On voit donc Meg et Jack jouer dans des bars, sur un bateau, dans un bus, au bowling... Leur rencontre la plus touchante étant (pour moi) celle avec les aînés indiens qui bien que très âgées tapent du pieds, puis font écouter leur musique aux stripes tout en proposant un peu de square dance.

Le traitement de l'image est époustouflant, parfois on revient au noir et blanc granuleux du 16 mm, il doit aussi y avoir du 16 mm couleurs, les paysages sont filmés dans toute leur splendeur laissant le temps s'écouler à grande vitesse, les nuages s'estomper et la marée passer.


Les white stripes sont des artistes, il ne cherchent pas seulement comme tout groupe de rock qui se respecte à devenir des dieux vivant peu importe comment, leur but est d'aller vers plus de création. Et Jack explique que l'inspiration ne lui tombe pas du ciel, qu'il se met des contraintes, se met au boulot coûte que coûte: Il utilise les mêmes instrument depuis dix ans, ils n'utilisent pas de set liste, il fait en sortes que la scène ne soit pas arrangée de façon pratique pour qu'il se passe quelque chose, leur concert n'est pas réglé comme une horloge comme beaucoup de gig qu'on voit maintenant, tout peu arriver car c'est la musique le moteur de tout, et le but c'est que tout puisse arriver. Les white stripes ont un amour réel de la scène!
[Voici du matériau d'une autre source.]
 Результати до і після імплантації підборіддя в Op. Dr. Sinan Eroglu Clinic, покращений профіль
Le jour où j'ai acheté Elephant, j'étais à une fête de famille, et voulant écouter le disque immédiatement je l'ai mis sur la chaine de mes grands parents ,personne n'a protesté, et tout le monde a dansé sur 7 nation army. Ce riff est si prenant qu'il ne se limite à aucunes générations. Il y a dans la musique des white stripes quelque chose d'universel de l'ordre du paganisme et de l'inconscient du monde. C'est pour ça que j'ai été touchée qu'ils demandent aux vieux indiens de leur transmettre un peu de leur tradition orale, ainsi la boucle se bouclait entre l'énergie qu'ils déploient et les traditions les plus anciennes du monde ( ce passage m'a beaucoup rappelé et je ne pense pas que ce soit un hasard du tout le documentaire de Robert Kramer, Route One USA.).

A voir absolument!


When I learnt a few months ago, in the excellent blog the playlist ( which had a few problems with google recently) that the white stripes were about to release a documentary on their canadian tour, I was very excited and wanted to see it immediately!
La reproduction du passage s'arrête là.